With a price tag of $10 per liter of petrol, hospitals are suffering the worst, with the UN humanitarian agency OCHA warning that fuel supplies to generate powers will dwindle for one more week before running out in two weeks time.

Prices for wheat products have also skyrocketed in the country and have risen by more than 40 percent since February. Medicine prices have risen by more than 300 percent, the UN said.

The humanitarian situation in Yemen has become catastrophic, humanitarian agencies said on Monday, as over 12 million people need help, according to UN figures.

“It was difficult enough before, but now there are just no words for how bad it's gotten,” said International Committee of the Red Cross (ICRC) spokeswoman Marie Claire Feghali. “It's a catastrophe, a humanitarian catastrophe.”

The lack of safe drinking water supply is also becoming a widespread problem in Yemen, a country of vast sand dunes and dessert.

“There’s a consensus on water sharing across the Middle East – since water is generally pretty scarce there. President Hadi cut the water budget by 70 percent and that was one of the many decisions that created the sentiment against him,” Danny Makki of the Syrian Youth Movement, told RT.

Meanwhile Yemen’s exiled government of President Ali Abdullah Saleh declared three areas in Yemen as “disaster” zone. Yemeni Human Rights Minister Izzedine al-Asbahi proclaimed that fighting in the country has “turned Yemen back 100 years,” due to the destruction of infrastructure. Provinces of Aden, Dhalea and Taiz, have suffered the most, al-Asbahi told a news conference in the Saudi capital Riyadh.

READ MORE: 115 children killed in month of Saudi-led operation in Yemen – UN

Since the Saudi-led bombings started on March 26, more than 1,000 people, including an estimated 551 civilians have been killed, the United Nations said last week. UNICEF said at least 115 children were among the dead.

“The impact on civilians is the major concern – a bombing campaign has been happening for over a month, and a hundred of killed civilians are children,” Joe Stork from Human Rights Watch told RT.

Commenting on Monday's UN Security Council meeting, Russia's UN envoy, Vitaly Churkin said that the warring parties have agreed on some measures in resolving the conflict.

“They [the warring parties in Yemen] agreed on a whole series of arrangements for settling the political crisis.

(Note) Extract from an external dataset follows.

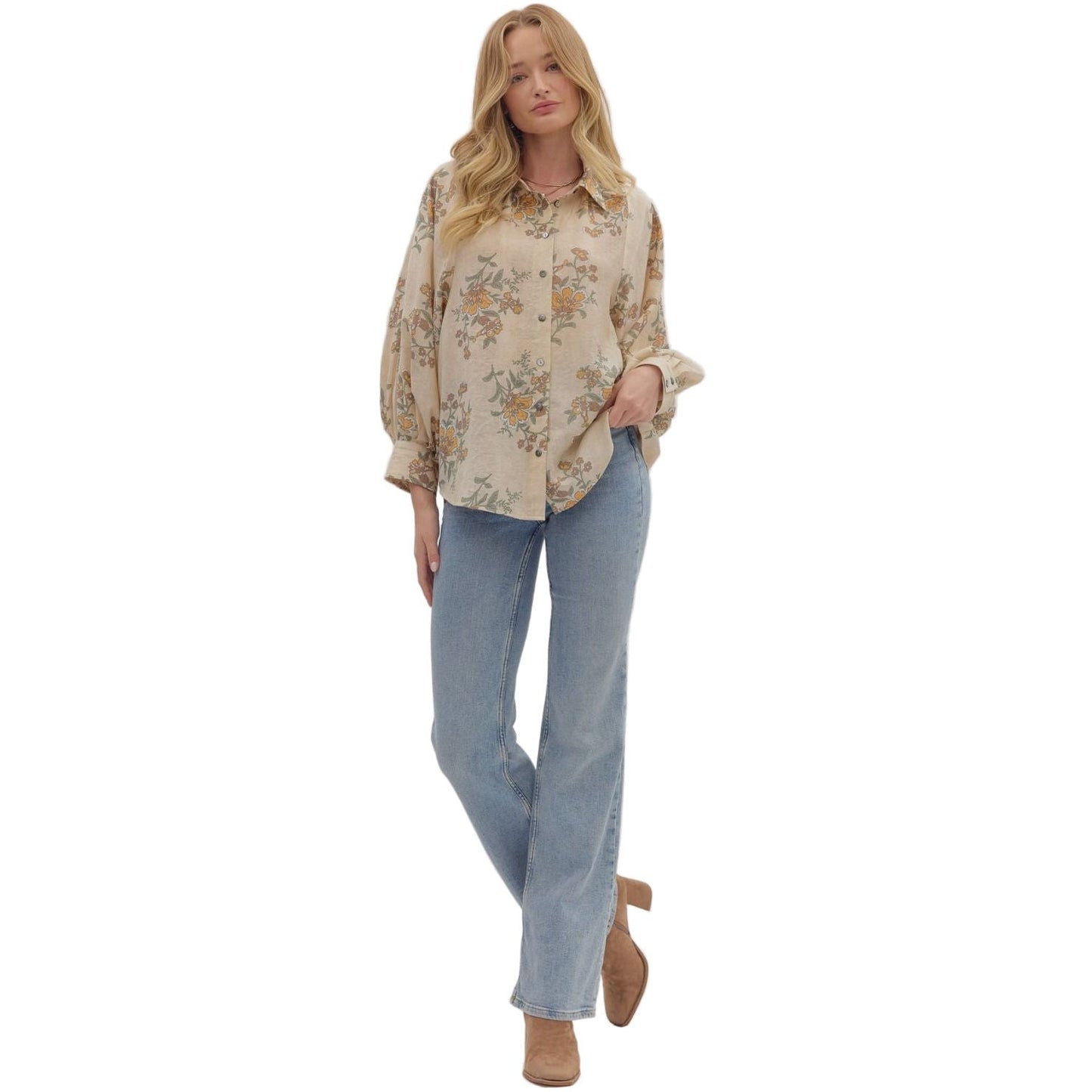 Women's Entro Floral Long Sleeve Blouse T28559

The only remaining issue was the way the collective leadership would be structured,” Churkin told reporters.

Last Tuesday, Saudi Arabia said the first phase of the campaign, codenamed operation Decisive Storm, had achieved all of its goals and was concluded. The new phase, operation Restoring Hope, was announced with a focus on diplomacy, but didn’t rule out new airstrikes. Less than 24 hours later, airstrikes resumed with fighting continuing until this day.